- Exercise brief: Using the data that follows, give again word for word the lines between the one holding "Rolex Datejust Watch" and the one holding "eam] women black", inclusive. Omit the pictures.

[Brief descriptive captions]
========================================================================

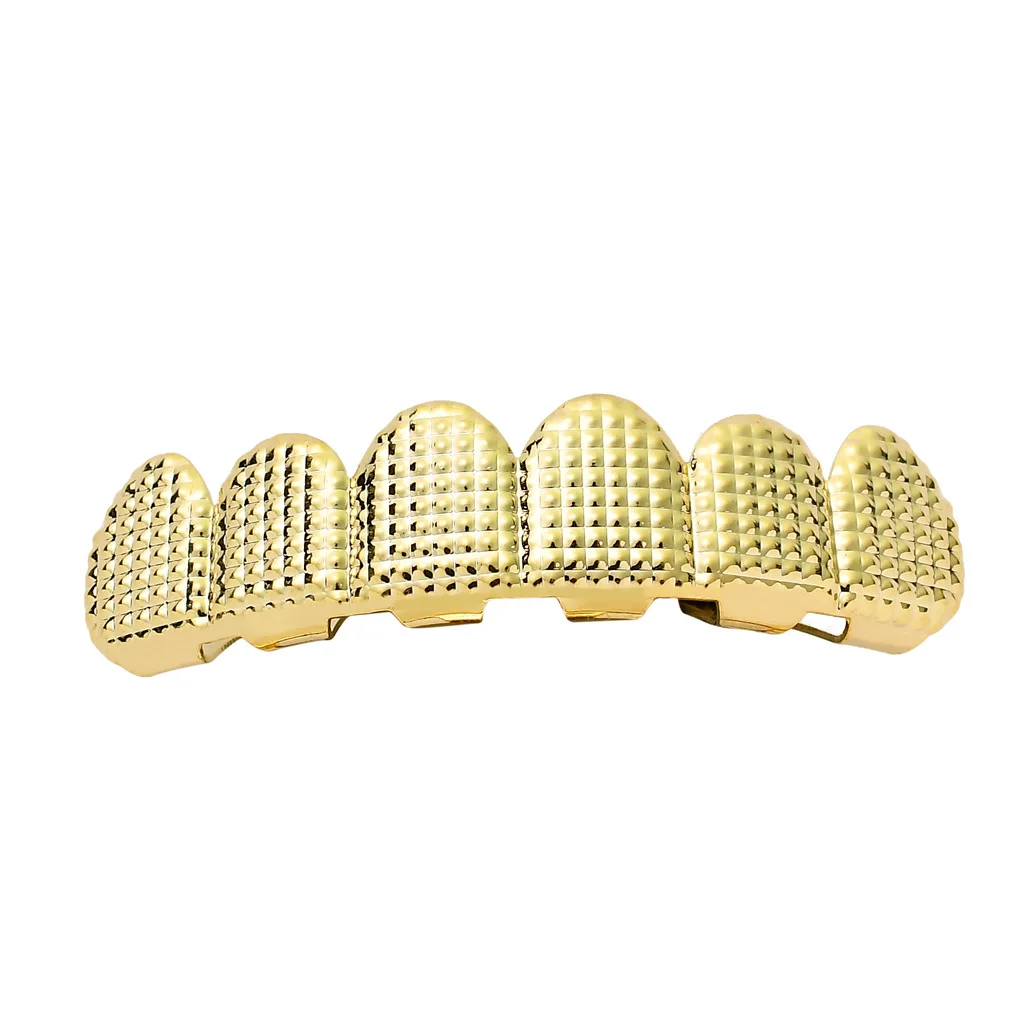 Hiphop Vergulde Tanden Grillz Set Top Tand Grills Tandheelkundige Mond Punk Tanden Caps Cosplay Party Rapper Sieraden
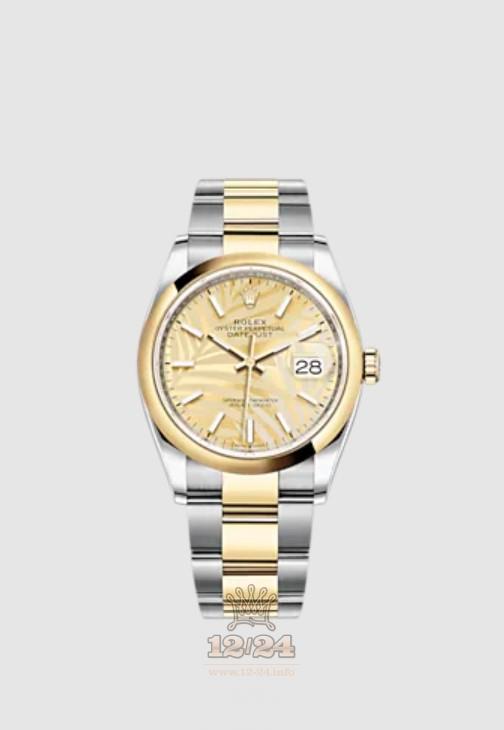 Rolex Datejust Watch 126203-0038 36 mm Stainless steel Yellow gold Case Golden Dial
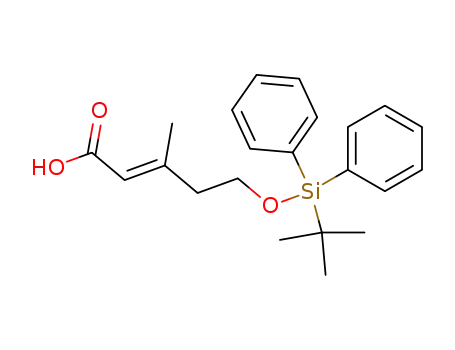 Molecular Structure of 82495-51-0 ((2E)-5-(tert-butyldiphenylsilyloxy)-3-methylpent-2-enoic acid)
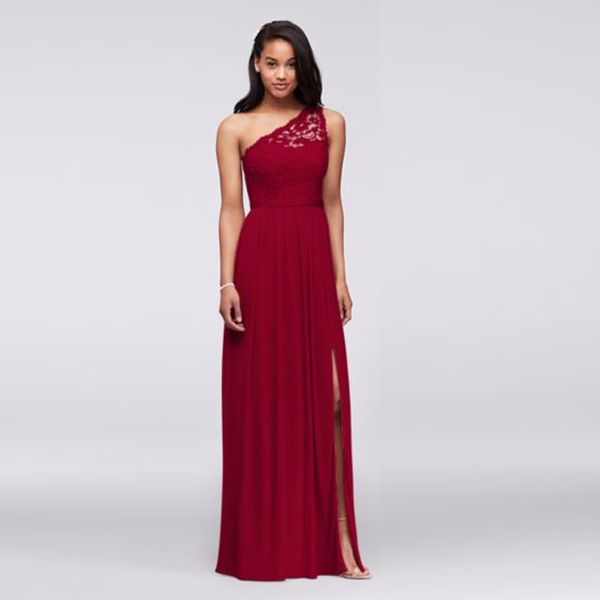 one shoulder corded lace chiffon bridesmaid dresses with side slit 4xlf17063 wedding party dress evening dress formal dresses, White;pink
one shoulder corded lace chiffon bridesmaid dresses with side slit 4xlf17063 wedding party dress evening dress formal dresses, White;pink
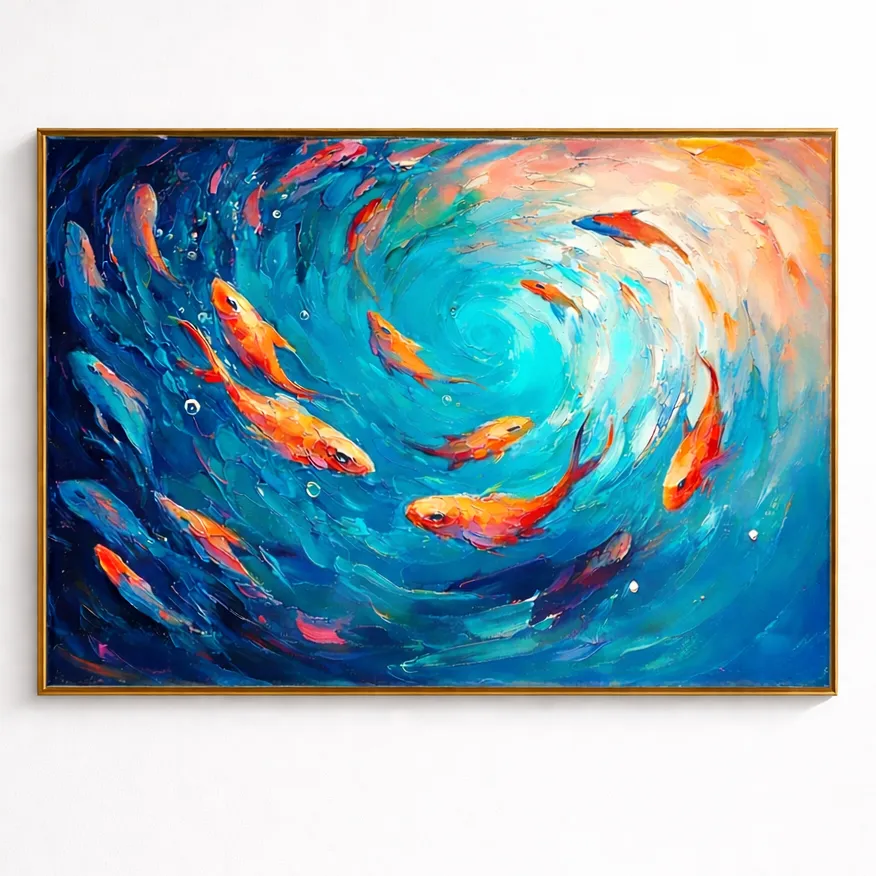 Gestural abstract hand-painted canvas depicting golden koi swimming in swirling turquoise waters with dynamic brushwork, contemporary living space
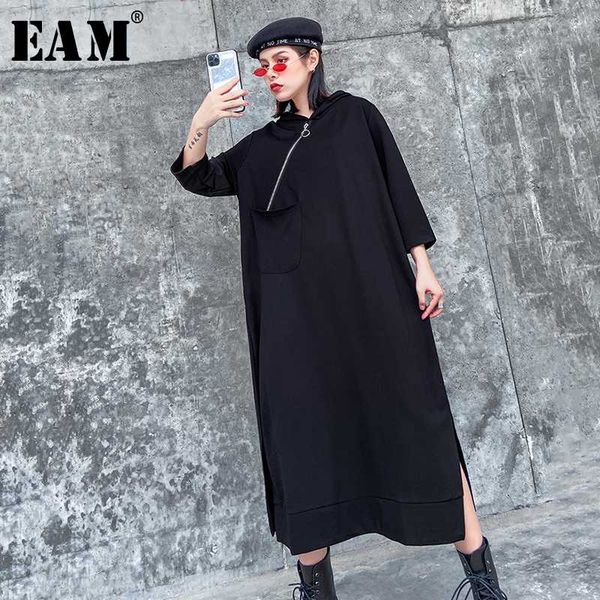 

eam] women black zipper split joint big size dress new hooded long sleeve loose fit fashion tide spring autumn 2020 1r670, Black;gray
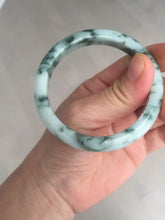 Load image into Gallery viewer, 54mm certified Type A 100% Natural light green with floating green flowers Jadeite Jade bangle AU14-3022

========================================================================

- Expected output:
 Rolex Datejust Watch 126203-0038 36 mm Stainless steel Yellow gold Case Golden Dial
 Molecular Structure of 82495-51-0 ((2E)-5-(tert-butyldiphenylsilyloxy)-3-methylpent-2-enoic acid)
 one shoulder corded lace chiffon bridesmaid dresses with side slit 4xlf17063 wedding party dress evening dress formal dresses, White;pink
one shoulder corded lace chiffon bridesmaid dresses with side slit 4xlf17063 wedding party dress evening dress formal dresses, White;pink
 Gestural abstract hand-painted canvas depicting golden koi swimming in swirling turquoise waters with dynamic brushwork, contemporary living space

eam] women black zipper split joint big size dress new hooded long sleeve loose fit fashion tide spring autumn 2020 1r670, Black;gray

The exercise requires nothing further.